**Exercise objective**.
Copies of all lines that contain "Poster" are needed; take them from the data below.

**Given entries**.

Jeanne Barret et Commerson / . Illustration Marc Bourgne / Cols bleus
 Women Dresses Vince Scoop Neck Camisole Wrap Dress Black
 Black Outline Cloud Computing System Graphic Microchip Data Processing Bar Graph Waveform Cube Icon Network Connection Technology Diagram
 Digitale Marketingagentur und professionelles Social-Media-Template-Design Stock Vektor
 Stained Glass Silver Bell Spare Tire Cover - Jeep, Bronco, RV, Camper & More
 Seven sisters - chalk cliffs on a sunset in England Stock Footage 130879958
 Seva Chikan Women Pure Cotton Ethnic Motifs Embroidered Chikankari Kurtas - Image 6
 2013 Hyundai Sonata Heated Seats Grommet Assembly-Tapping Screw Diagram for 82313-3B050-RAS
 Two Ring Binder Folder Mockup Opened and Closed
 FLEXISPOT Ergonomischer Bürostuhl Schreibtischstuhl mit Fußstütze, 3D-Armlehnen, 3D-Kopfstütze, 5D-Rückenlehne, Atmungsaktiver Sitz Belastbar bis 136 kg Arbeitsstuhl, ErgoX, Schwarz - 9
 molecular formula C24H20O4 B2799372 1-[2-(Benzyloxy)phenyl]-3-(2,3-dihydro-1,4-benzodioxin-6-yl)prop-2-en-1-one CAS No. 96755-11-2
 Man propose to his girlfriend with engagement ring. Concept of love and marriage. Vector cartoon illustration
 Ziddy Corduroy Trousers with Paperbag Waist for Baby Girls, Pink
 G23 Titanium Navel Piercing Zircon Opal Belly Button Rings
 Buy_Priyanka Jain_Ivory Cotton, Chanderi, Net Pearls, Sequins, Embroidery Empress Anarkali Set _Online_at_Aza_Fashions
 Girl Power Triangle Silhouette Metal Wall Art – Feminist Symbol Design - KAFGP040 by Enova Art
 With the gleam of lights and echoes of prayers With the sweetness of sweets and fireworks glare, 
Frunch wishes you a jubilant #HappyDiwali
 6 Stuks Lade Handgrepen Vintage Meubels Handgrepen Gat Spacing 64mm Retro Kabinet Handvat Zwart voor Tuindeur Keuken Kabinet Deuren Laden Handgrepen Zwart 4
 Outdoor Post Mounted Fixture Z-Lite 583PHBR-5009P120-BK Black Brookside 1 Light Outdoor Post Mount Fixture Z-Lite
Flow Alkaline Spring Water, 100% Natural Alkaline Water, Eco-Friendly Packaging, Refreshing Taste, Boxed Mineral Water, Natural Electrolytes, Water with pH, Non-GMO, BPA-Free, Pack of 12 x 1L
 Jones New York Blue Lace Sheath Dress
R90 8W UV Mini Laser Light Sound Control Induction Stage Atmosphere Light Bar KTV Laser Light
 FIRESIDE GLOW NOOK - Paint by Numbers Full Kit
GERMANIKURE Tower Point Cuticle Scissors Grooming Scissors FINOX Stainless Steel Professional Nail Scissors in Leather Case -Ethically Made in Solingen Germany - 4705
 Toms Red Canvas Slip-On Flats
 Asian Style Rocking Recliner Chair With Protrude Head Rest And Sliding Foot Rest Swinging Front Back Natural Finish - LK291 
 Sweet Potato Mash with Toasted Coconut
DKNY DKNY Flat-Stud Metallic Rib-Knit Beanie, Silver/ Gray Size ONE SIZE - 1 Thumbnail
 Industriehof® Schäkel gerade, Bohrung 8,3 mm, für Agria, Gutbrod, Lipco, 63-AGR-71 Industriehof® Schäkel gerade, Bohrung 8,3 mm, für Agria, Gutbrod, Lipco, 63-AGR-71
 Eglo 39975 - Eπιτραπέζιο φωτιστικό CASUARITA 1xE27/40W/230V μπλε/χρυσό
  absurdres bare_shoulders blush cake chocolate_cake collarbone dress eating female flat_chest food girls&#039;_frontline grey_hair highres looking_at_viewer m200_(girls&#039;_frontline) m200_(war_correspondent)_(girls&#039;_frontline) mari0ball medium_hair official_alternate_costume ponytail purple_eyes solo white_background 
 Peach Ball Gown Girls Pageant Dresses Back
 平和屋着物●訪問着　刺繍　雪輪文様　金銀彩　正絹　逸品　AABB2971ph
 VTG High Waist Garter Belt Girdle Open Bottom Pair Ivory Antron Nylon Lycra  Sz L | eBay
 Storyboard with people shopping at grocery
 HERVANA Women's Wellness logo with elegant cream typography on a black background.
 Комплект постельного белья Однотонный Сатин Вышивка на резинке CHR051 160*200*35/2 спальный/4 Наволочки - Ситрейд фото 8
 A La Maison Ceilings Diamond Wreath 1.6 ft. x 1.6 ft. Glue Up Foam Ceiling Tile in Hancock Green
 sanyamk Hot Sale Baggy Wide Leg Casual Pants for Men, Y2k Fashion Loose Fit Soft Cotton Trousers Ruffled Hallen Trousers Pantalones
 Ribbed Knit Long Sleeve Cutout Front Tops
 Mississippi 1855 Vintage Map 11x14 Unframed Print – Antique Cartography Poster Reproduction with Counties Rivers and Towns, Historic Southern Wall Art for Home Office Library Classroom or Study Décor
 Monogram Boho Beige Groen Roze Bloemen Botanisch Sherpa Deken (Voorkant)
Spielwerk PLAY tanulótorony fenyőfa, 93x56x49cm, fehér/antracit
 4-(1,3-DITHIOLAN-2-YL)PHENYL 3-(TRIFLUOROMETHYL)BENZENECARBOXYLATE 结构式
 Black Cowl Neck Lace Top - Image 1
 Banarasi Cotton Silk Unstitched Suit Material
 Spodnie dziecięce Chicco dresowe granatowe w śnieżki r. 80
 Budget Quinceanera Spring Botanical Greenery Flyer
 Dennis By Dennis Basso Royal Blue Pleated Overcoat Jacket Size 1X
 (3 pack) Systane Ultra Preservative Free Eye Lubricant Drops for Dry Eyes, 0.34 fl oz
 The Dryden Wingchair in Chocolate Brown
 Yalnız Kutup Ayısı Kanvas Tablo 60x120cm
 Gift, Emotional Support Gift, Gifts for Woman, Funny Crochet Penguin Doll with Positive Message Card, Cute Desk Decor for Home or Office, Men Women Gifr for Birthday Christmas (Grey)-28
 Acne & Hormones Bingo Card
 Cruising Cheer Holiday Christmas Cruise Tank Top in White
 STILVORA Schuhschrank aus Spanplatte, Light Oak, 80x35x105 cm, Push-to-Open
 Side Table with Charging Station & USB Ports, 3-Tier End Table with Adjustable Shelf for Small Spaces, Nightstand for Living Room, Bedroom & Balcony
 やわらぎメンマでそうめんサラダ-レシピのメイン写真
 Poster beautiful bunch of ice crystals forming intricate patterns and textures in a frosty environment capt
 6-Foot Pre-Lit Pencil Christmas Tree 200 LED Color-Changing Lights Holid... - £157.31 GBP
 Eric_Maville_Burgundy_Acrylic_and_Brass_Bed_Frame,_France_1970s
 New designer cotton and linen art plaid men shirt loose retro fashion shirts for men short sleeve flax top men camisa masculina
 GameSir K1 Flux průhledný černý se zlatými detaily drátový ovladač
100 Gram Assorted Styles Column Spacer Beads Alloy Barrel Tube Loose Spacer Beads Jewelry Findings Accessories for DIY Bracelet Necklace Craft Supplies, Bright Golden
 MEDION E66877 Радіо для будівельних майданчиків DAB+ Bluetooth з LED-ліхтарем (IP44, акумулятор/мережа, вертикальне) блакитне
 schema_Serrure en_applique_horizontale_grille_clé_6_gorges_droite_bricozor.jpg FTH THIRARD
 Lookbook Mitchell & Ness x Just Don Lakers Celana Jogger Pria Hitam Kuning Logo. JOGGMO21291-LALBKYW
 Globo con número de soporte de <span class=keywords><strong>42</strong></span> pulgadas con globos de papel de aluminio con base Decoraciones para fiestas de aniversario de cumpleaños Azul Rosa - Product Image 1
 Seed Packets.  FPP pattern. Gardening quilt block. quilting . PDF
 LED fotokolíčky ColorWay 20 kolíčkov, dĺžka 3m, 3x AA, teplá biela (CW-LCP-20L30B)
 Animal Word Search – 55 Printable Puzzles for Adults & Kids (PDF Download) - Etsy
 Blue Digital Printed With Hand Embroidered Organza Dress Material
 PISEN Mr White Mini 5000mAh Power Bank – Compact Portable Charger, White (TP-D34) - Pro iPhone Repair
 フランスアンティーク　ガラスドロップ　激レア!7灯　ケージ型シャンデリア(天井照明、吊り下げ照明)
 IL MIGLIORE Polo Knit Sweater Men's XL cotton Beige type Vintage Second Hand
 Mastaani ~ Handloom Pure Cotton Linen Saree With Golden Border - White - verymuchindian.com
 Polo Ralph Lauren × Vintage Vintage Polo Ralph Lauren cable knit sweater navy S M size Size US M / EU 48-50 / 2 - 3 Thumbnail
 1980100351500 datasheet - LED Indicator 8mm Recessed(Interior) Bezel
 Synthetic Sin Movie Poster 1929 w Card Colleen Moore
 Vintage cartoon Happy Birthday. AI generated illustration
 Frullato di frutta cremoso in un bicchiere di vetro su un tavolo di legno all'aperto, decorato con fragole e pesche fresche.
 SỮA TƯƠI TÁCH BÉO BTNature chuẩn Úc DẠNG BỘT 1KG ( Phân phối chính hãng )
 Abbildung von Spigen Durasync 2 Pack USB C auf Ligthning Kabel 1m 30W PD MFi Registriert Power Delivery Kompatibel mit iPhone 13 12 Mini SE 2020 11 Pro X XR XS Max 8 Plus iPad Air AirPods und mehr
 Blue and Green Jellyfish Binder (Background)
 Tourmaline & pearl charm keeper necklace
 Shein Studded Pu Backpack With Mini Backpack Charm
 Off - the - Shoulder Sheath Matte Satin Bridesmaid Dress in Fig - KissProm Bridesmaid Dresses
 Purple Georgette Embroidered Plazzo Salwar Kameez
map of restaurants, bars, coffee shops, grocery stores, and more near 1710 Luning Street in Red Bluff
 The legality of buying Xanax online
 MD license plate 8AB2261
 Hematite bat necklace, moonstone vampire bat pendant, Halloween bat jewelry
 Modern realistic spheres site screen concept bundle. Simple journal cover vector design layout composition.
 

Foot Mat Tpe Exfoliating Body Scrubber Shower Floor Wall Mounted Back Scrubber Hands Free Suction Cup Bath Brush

**Result of the task**.
 Mississippi 1855 Vintage Map 11x14 Unframed Print – Antique Cartography Poster Reproduction with Counties Rivers and Towns, Historic Southern Wall Art for Home Office Library Classroom or Study Décor
 Poster beautiful bunch of ice crystals forming intricate patterns and textures in a frosty environment capt
 Synthetic Sin Movie Poster 1929 w Card Colleen Moore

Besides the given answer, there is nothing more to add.